Avis sur Beware Of Mr. Baker

Une tempête de tambours et de cymbales sur la bande originale. Un vieil homme dans une ferme sud-africaine brandissant son bâton de marche en métal et ses diatribes "Je vais vous mettre à l’hôpital" au réalisateur Jay Bulger. Ledit bâton se connectant avec le nez de Bulger.

Bienvenue dans le monde du batteur hors pair, légendaire – et quelque peu conflictuel – Ginger Baker, sujet de ce docu-portrait bien intitulé.

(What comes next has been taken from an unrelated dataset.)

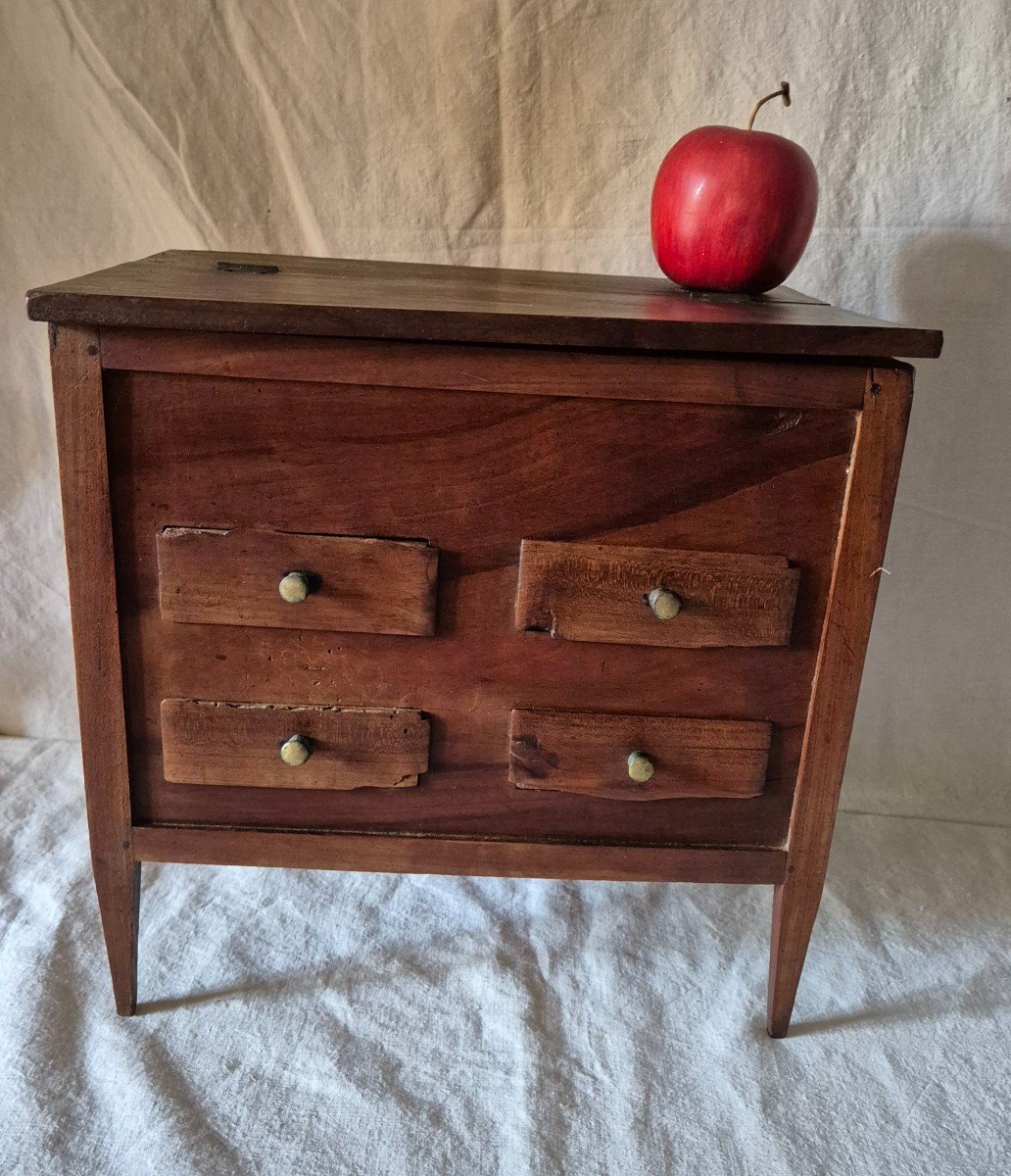 Layette Chest Of Drawers With Four Drawers And Walnut Lid-photo-3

Surtout connu pour ses séjours dans les super-groupes des années 60 Cream and Blind Faith, Baker (qui avait fait ses armes dans les clubs de jazz de Londres à la fin des années 50 / début des années 60) a décampé au Nigeria au début des années 70, où il construit un studio de musique à Lagos et travaillé avec la pionnière d’Afrobeat Fela Kuti.

SiMéfiez-vous de M. Bakerlouches louange sur les talents apparemment intuitifs de son sujet, il n’hésite pas à nous montrer à quel point il peut être difficile, en particulier pour ceux qui sont les plus proches de lui personnellement et professionnellement.

Bulger a réuni une belle liste de têtes parlantes: Baker lui-même (interviewé dans sa retraite rurale), d’anciens collaborateurs créatifs (dont Eric Clapton et John Lydon) et divers parents.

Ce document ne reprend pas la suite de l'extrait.